The specification for C++ says that a lambda is an object of an anonymous type, created on the stack. You can imagine the equivalent for this would look like:

struct LambdaPrintPerson {
    int age;
    std::string *name;

    void printPerson(bool includeAge) {
        std::cout << name;
        if (includeAge) {
            std::cout << ", age: " << age;
        }
        std::cout << "\n";
    }
};
int main() {
    auto age = 65;
    std::string name = "Sir Robert Christianson Manyard Sr";

    auto printPerson = LambdaPrintPerson { age, &name };
}

The reason you can imagine a lambda to look like this is because the exact layout (padding, alignment, etc) is compiler dependent according to the specification. However, it should make more sense now how values are "captured" by the lambda and the difference between capturing a reference (no copy) and capturing a value (copy).

Note that it is possible to allocate a lambda on the heap, even though the default is to allocate on the stack.

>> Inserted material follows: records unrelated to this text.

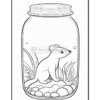 A simple line drawing of a mouse sitting inside a jar, surrounded by pebbles and tall grass.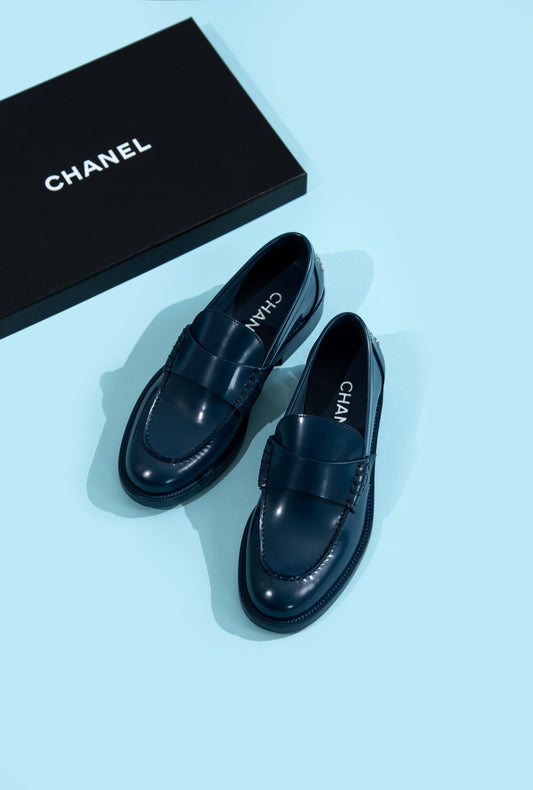 Chanel Blue Leather Loafers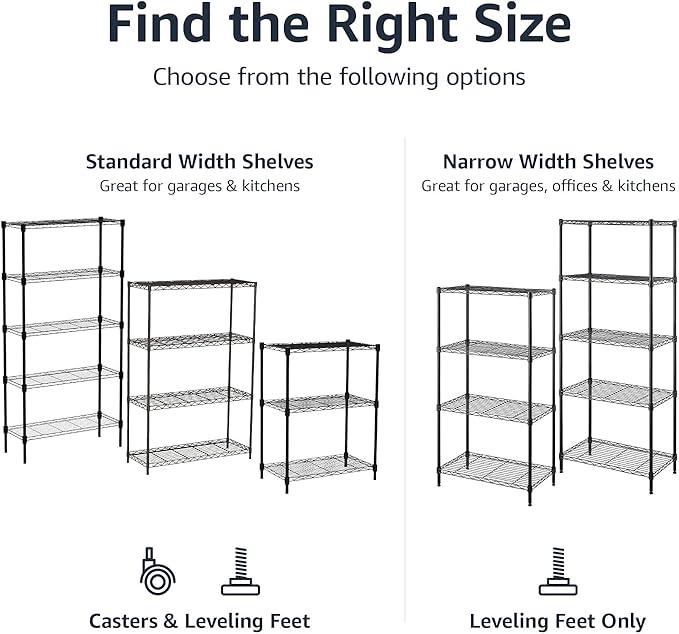 Amazon Basics 5-Shelf Steel Wire Rack Storage, 36" L x 14" W x 72" H, Black | Heavy Duty, Adjustable, for Kitchen, Garage, Shelving Organizer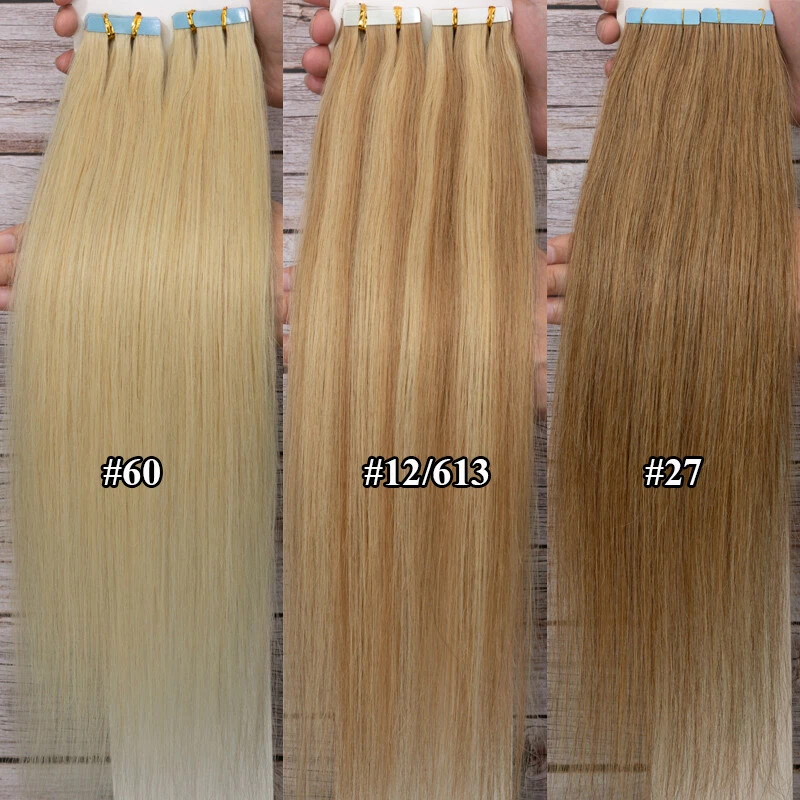 Extensiones de cabello humano Remy 100 % ruso con cinta adhesiva trama de piel gruesa 60 piezas 150 g EE. UU. Foto 4 de 4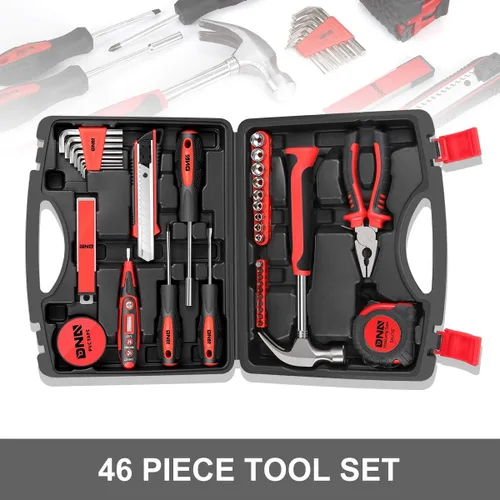 Vista 2 de DNA MOTORING - Kit doméstico y transportable de herramientas de mano, caja de 39 unidades para reparación general, destornillador, pinzas, martillo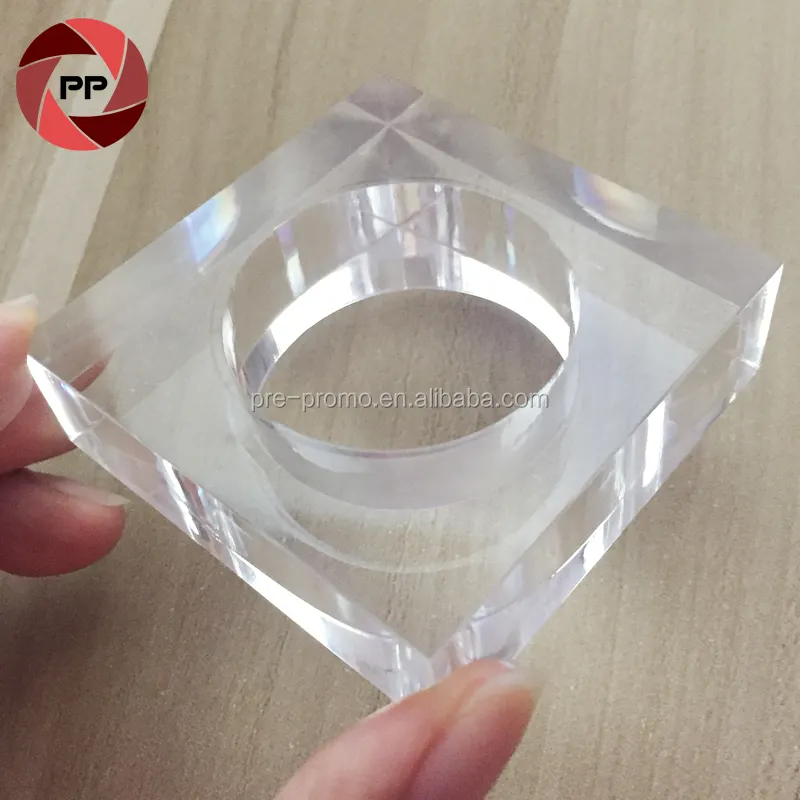 Wholesale custom wedding square acrylic napkin ring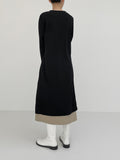 [Long sleeve ver.] Ribbed unbalance wrap one piece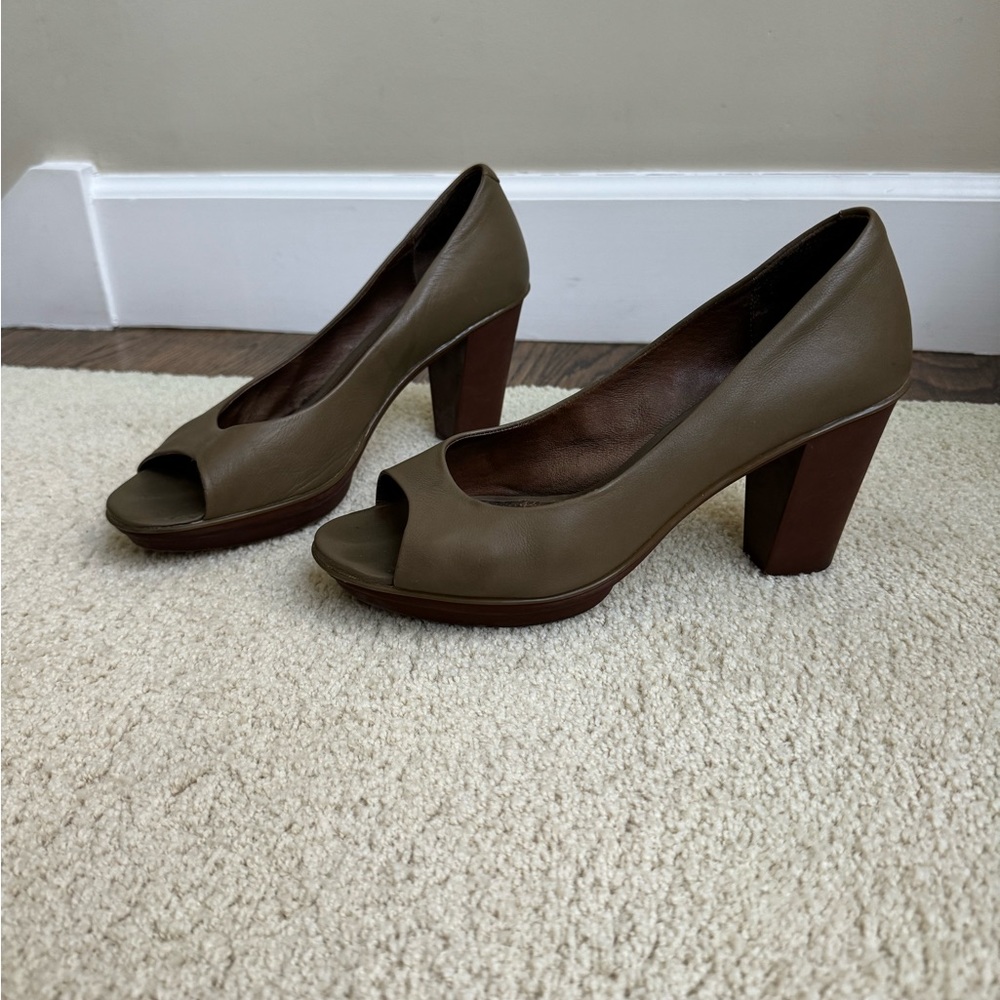 Camper open toe pumps.  Rubber heal.  Olive kakhi.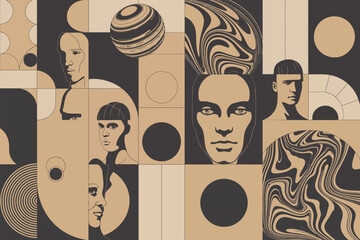 Poster - Abstract geometric art featuring human faces spheres and circles in a tan and black color palette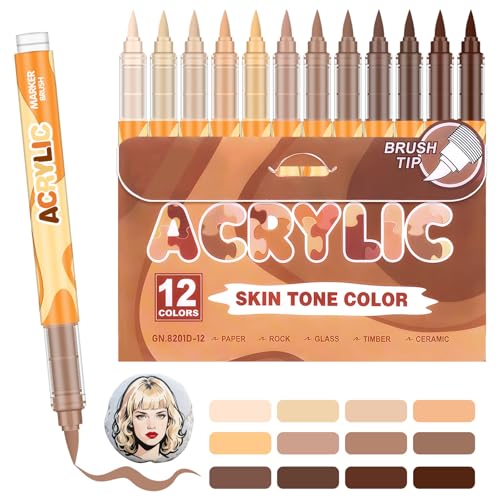 12 Acrylverfpennen in Huidtinten - Markerset voor Rotsschilderen, Keramiek, Glas, Steen en Metaal – Waterbasis Acrylverf met Flexibele Penseelpunt (1-5 mm)
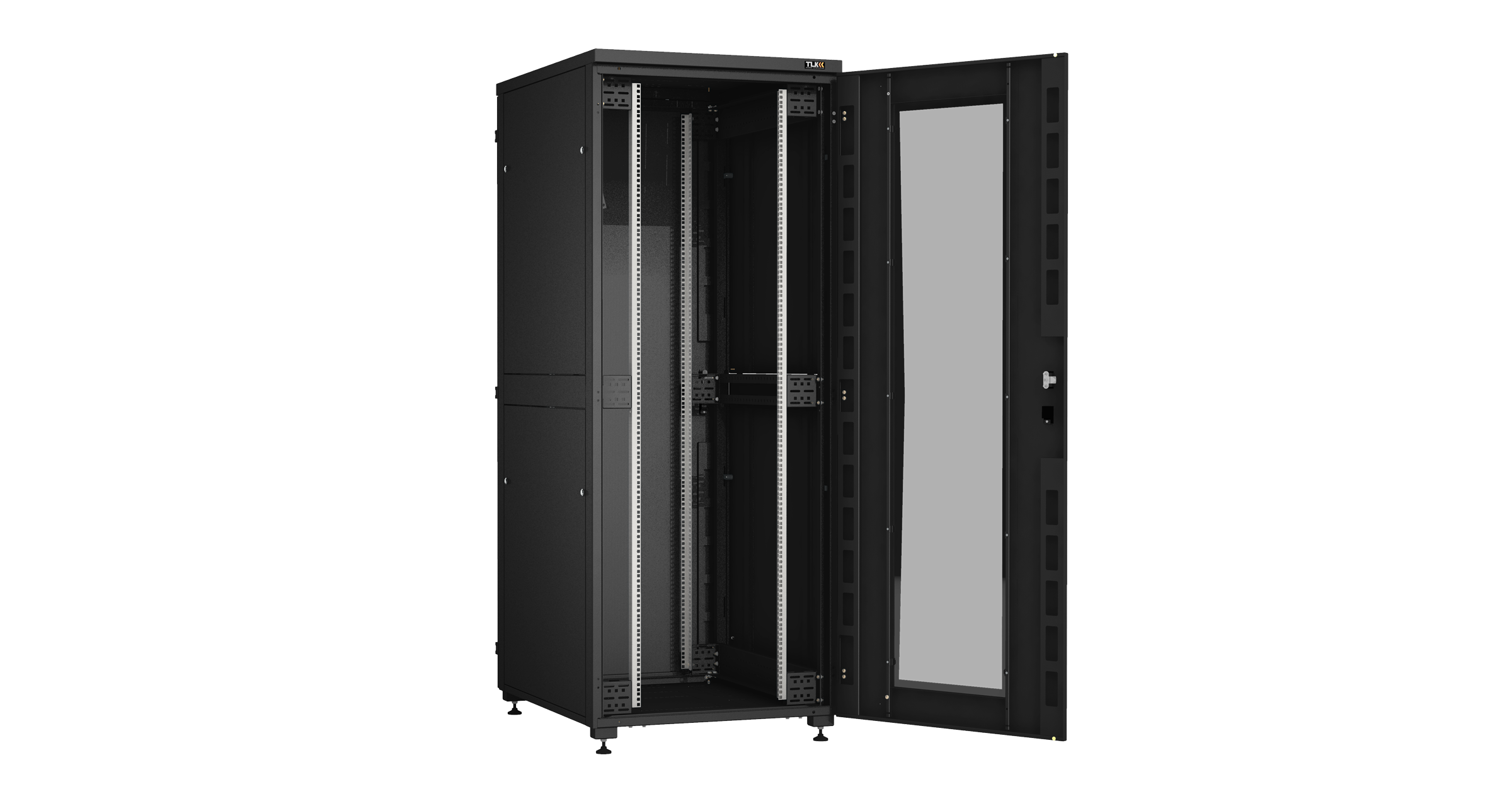 Напольный шкаф NIKOMAX Essential Line серии TFI-R 19", 42U, стеклянная дверь, цельнометаллические двухуровневые стенки и задняя дверь, Ш800хВ2042хГ1000мм, в разобранном виде, черный RAL9005 — фото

Since a lambda is just an object, it can be heap allocated with the new keyword, such as:

auto printPerson = new auto ([age, &name](bool includeAge) -> void {
    // function body
});

Note the only additional bit of syntax is that we must wrap the lambda in parens ().

Consuming

Cpp

#include <cstdlib>
#include <functional>
#include <iostream>
#include <string>

void sendEmail(std::string to, std::string from, std::string subject,
               std::string body,
               std::function<void(std::string)> success_cb,
               std::function<void(std::string)> failure_cb) {
    if (std::rand() > 0.5) {
        success_cb(to);
    } else {
        failure_cb(to);
    }
}

int main() {
    sendEmail("you@your_domain.com", "me@my_domain.com",
        "Very Important Email",
        "TODO: remember to write email body. :-D",
        [](std::string to) -> void {
            std::cout << "Successful email sent to: " << to << "\n";
        },
        [](std::string to) -> void {
            std::cout << "OH NO! Very important email not sent to "
                      << to
                      << "\n";
        });
}

Ruby

def sendEmail(to, from, subject, body, success_cb, failure_cb)
  if rand > 0.5
    success_cb.call(to)
  else
    failure_cb.call(to)
  end
end

sendEmail('you@your_domain.com', 'me@my_domain.com',
          'Very Important Email',
          'TODO: remember to write email body. :-D',
          ->(to) { puts "Succcessful email sent to #{to}" },
          ->(to) { puts "OH NO! Very important email not sent to #{to}" })

What This Code Does

sendEmail is a user-defined function that sends and email and then calls one of two callbacks provided by the user. This shows how to receive (consume) lambdas in your own code.

What's Different

Consuming lambdas in user-defined functions is very straight forward. The main difference here, yet again, is that the C++ version has to do slightly more work in order to define all of the types. Beyond the type declarations, the two versions are very similar.